5 Marketing KPI’s Your Boss Wants To Know About
Do you groan inwardly when it’s time for performance evaluation?
Few of us are excited by the prospect of sinking our teeth into marketing metrics, typing up reports and having our role scrutinised.
We get it. Maths, stats and tracking isn’t our idea of a Foxy time either.
Furthermore, it’s hard to find the time to regularly track your marketing campaigns and know what metrics are the best to use. It’s easy to get so caught up in the doing of marketing campaigns, that we skip through the measuring and evaluating steps.
However, in order to look credible and demonstrate the bottom line value of our role, we need to know how to effectively measure the returns on our marketing work.
The marketing gurus at Hubspot have pinpointed the top marketing metrics that your CEO or boss really cares about. They’re so good, we’re giving them to you here!
1. Customer Acquisition Cost (CAC)
This metric is essentially the total cost that is involved in onboarding a new customer. It should account for expenditure such as:
- All external advertising
- Costs associated with internal and external marketing campaigns (eg printing, design, etc)
- Manpower (staff wages, salaries, bonuses and commissions
Simply choose a time period (eg month, quarter, year) and add together the above costs. Next, divide this total cost by the number of new customers that your company acquired during this same period.
This leaves you with an average figure to represent how much each new customer cost the company.
2. Marketing % of CAC
As the name suggests, this metric is worked out by simply calculating the percentage of marketing costs that contribute to the total CAC.
It can be really useful to track changes in this metric, as increases may indicate that your marketing budget has blown out.
3. Ratio of Customer Lifetime Value to CAC
Many companies will conduct repeat businesswith their customers.

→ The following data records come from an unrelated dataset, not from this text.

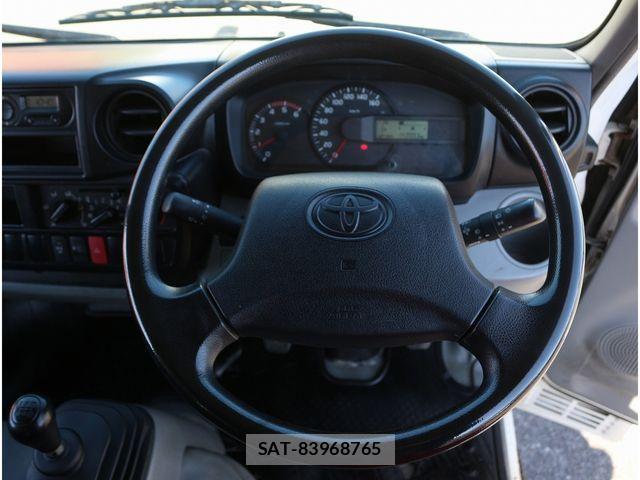 Toyota DYNA ROUTE VAN 2017-09 2960392-11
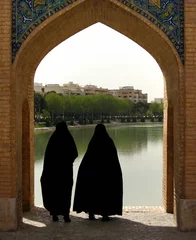Photo sur Plexiglas Pont Khadjou Deux femmes portant des tchadors noirs se tiennent sur le pont Khaju à Isfahan, Iran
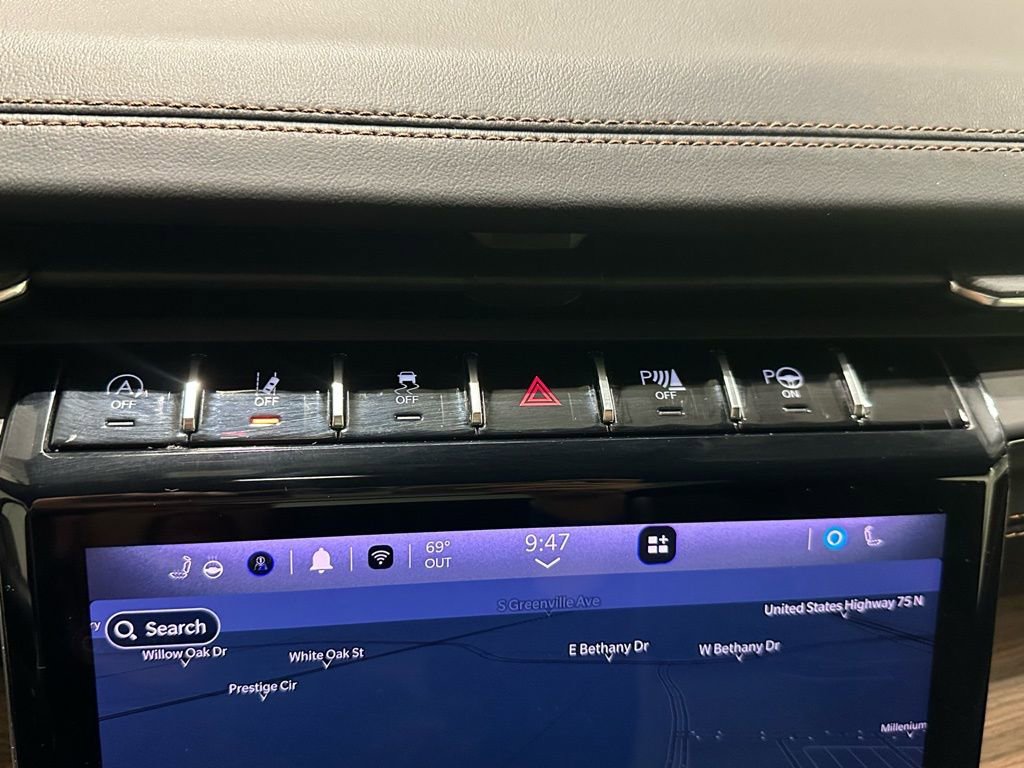 Used 2023 Jeep Grand Cherokee L Summit w/ High Altitude Package image 24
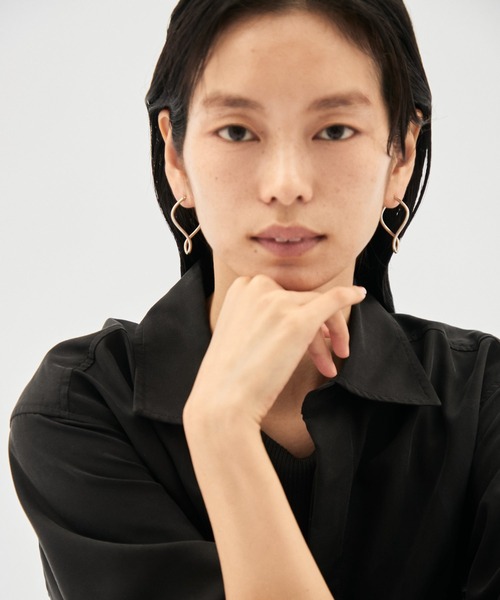 Jouete(ジュエッテ)の「ラップピアス(ピアス(両耳用)・レディース・イエローゴールド/プラチナム・FREE)」の5枚目の写真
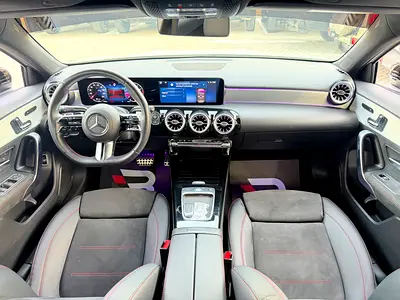 Mercedes-Benz A-Class A 200, миниатюра 10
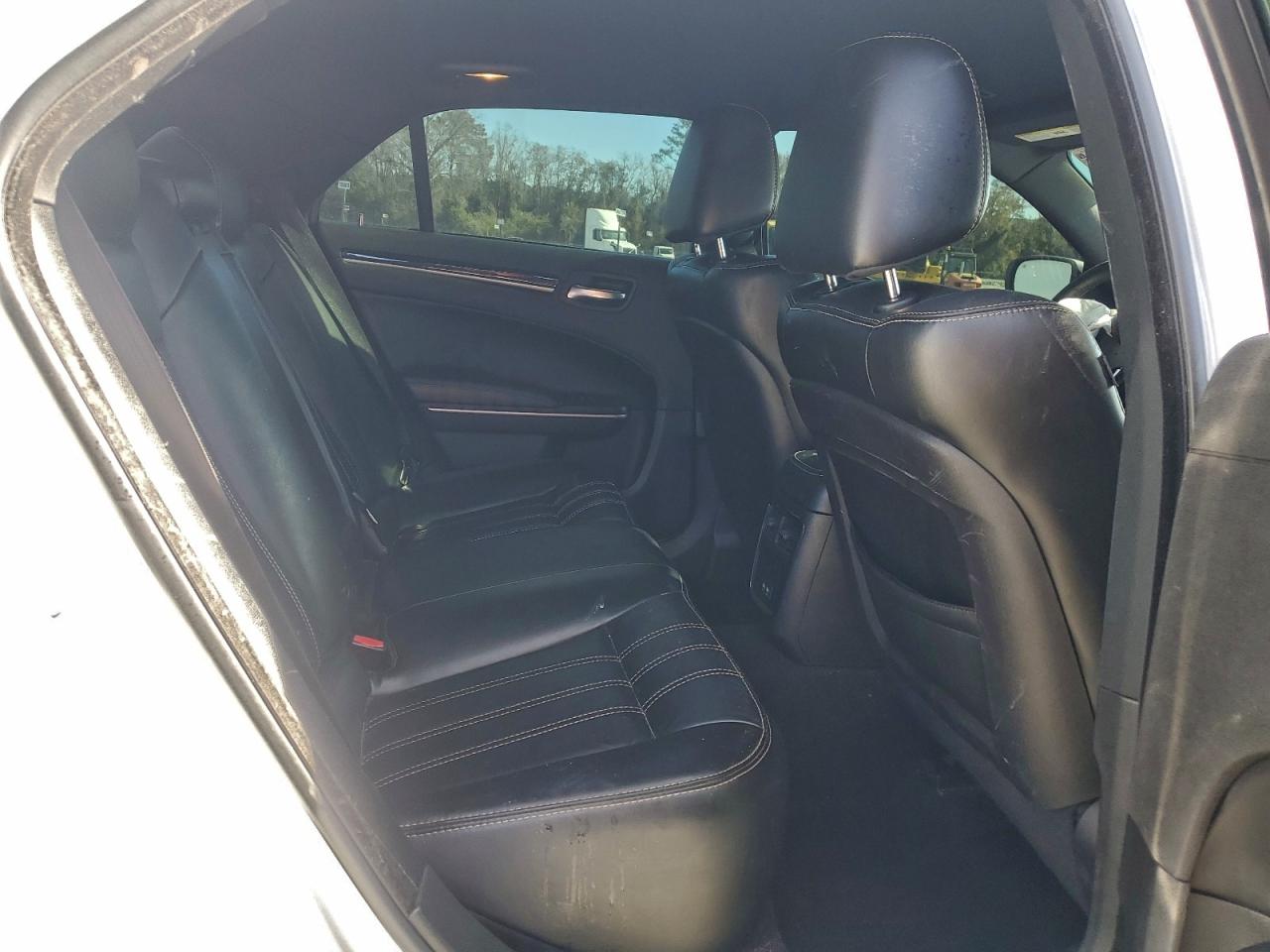 2019 CHRYSLER 300 S photo 10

Therefore, it’s essential to find out how much revenue you gain from the entire lifecycle of a client relationship, against how much it cost to onboard them in the first place. As opposed to the CAC, this gives a much better representation of how much value your marketing efforts to acquire each new customer actually provides.

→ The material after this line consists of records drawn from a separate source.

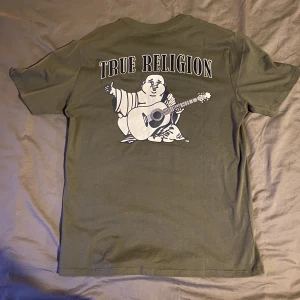True Religion T-shirt - Helt oanvänd Nypris 799kr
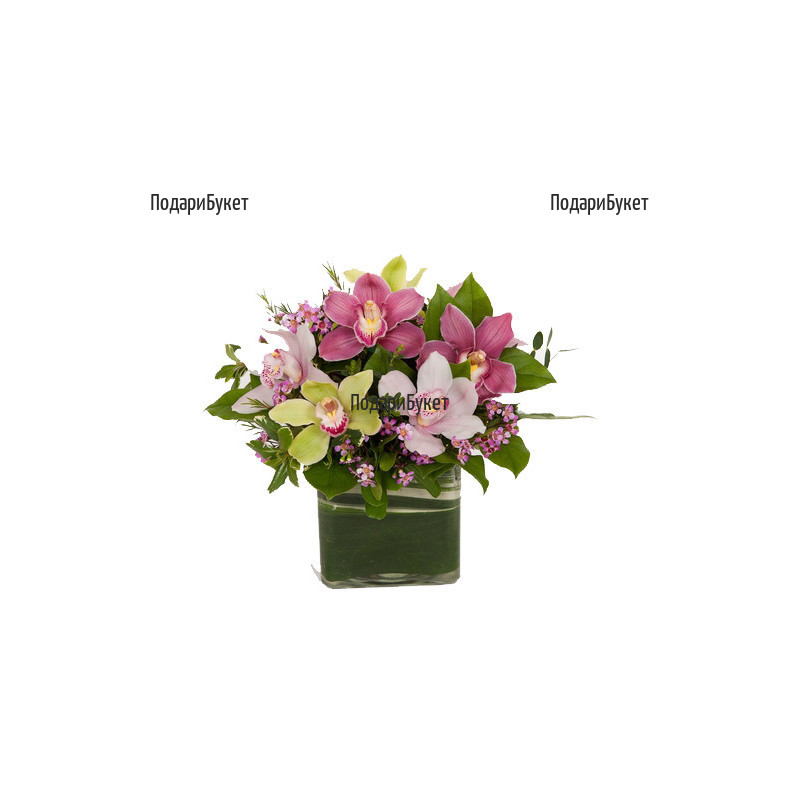 Online order for arrangement with orchids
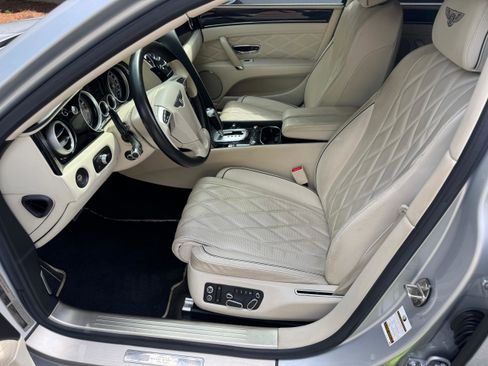 Used 2014 Bentley Flying Spur W12 image 26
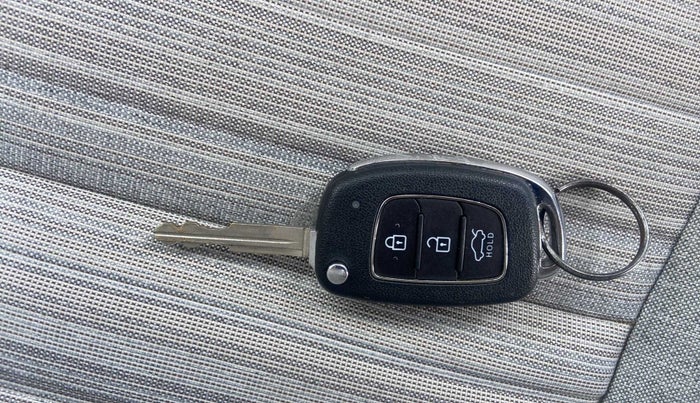 2020 Hyundai AURA S 1.2, Petrol, Manual, 21,742 km, Key Close Up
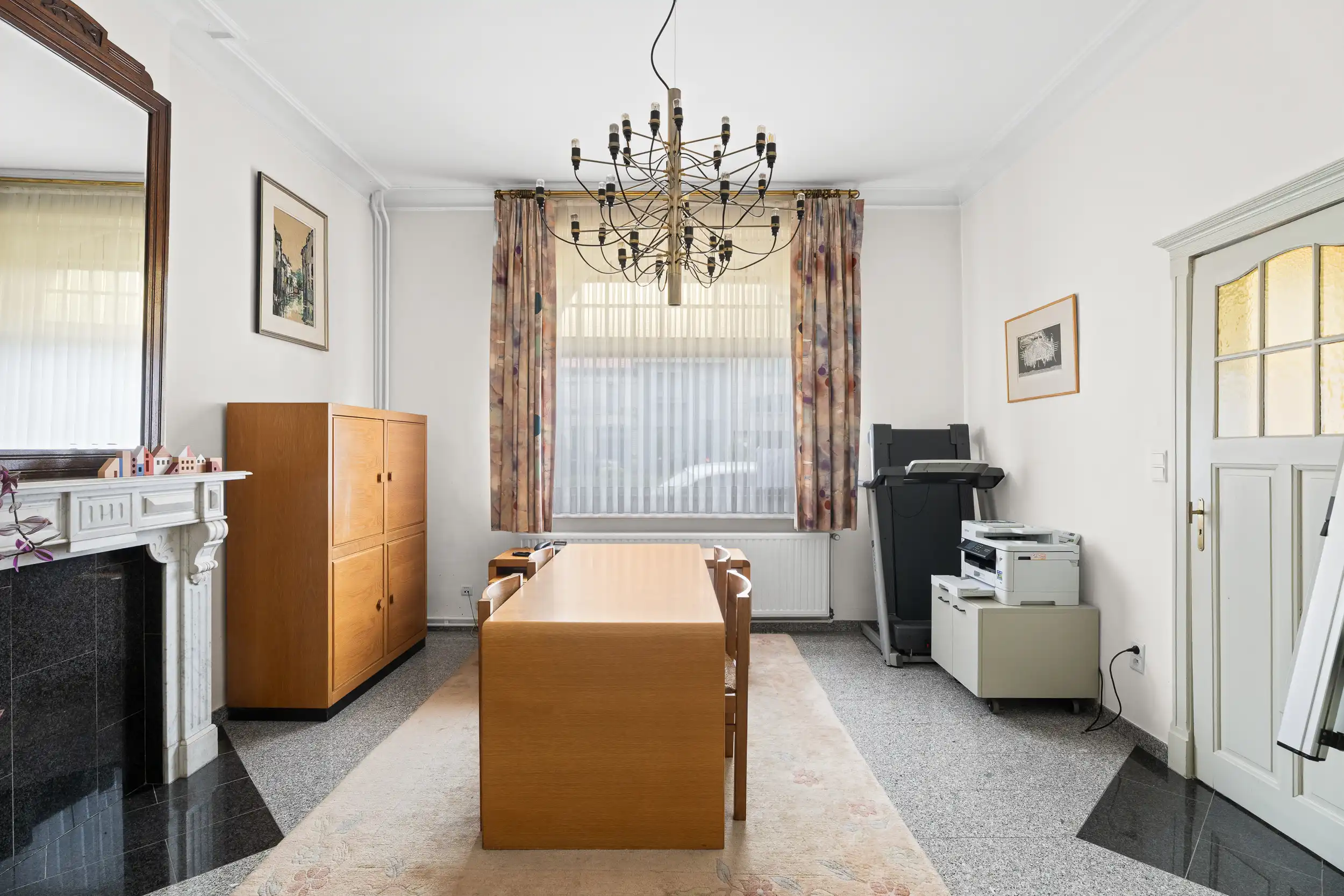 Karaktervol herenhuis (4 slpk) met diepe tuin te Wetteren foto 8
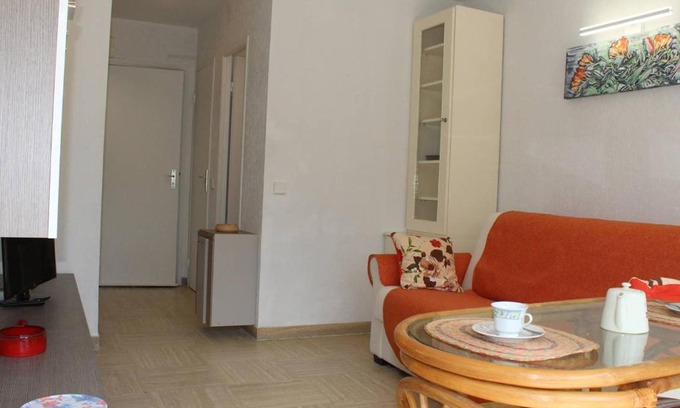 Villeneuve Loubet Beach Apartment | Charmant studio en RDJ, terrasse, jardin, proche mer et commerces, plein sud, 2 couchages - FR-1-252A-49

Here’s how this calculation works:
- Choose a time period
- Add the revenue that each customer pays during this period
- Subtract the gross margin
- Divide by the estimated churn % (cancellation rate) for that customer, this is your Customer Lifetime Value (CLV)
- Take the CLV and the CAC then calculate the ratio of these two figures
This ratio indicates your marketing ROI over the average purchasing lifetime of a customer in your company.
4. Time to payback CAC
In marketing, we constantly justify where our advertising dollars go! Marketing is a type of investment and it’s helpful to provide a specific timeframe to your boss on how long their investment is expected to be repaid.
To calculate this metric:
- Start with your CAC
- Divide by the margin-adjusted revenue per month (as relevant to the ‘average new customer’ who has just onboarded)
- Voila! Your answer is the number of months to pay back their CAC
Please note: If your company provides a one-time product or service, the customer’s initial payment should be more than the CAC. If it’s not, your marketing expenditure is costing rather than making the business money.
5. Marketing Originated Customer %
We think you’ll like this one!
This metric demonstrates what percentage of new business is due to Marketing (i.e. YOU).
To get this figure:
- Choose a time period
- Add all new customers who purchased, opted in or signed up for this period
- Calculate what percentage of these customers came from a marketing lead
Handy Tip: You can also work this percentage out based on revenue, not customers.
Once you’ve calculated these marketing metrics and it’s time to report them to senior management, it’s helpful to remember this: Your CEO has a million things on their mind and ultimately cares about cost and net profit – not all the steps in between.
Stick to the main points, highlight key figures, and hey – you might even start to like your performance evaluations a little!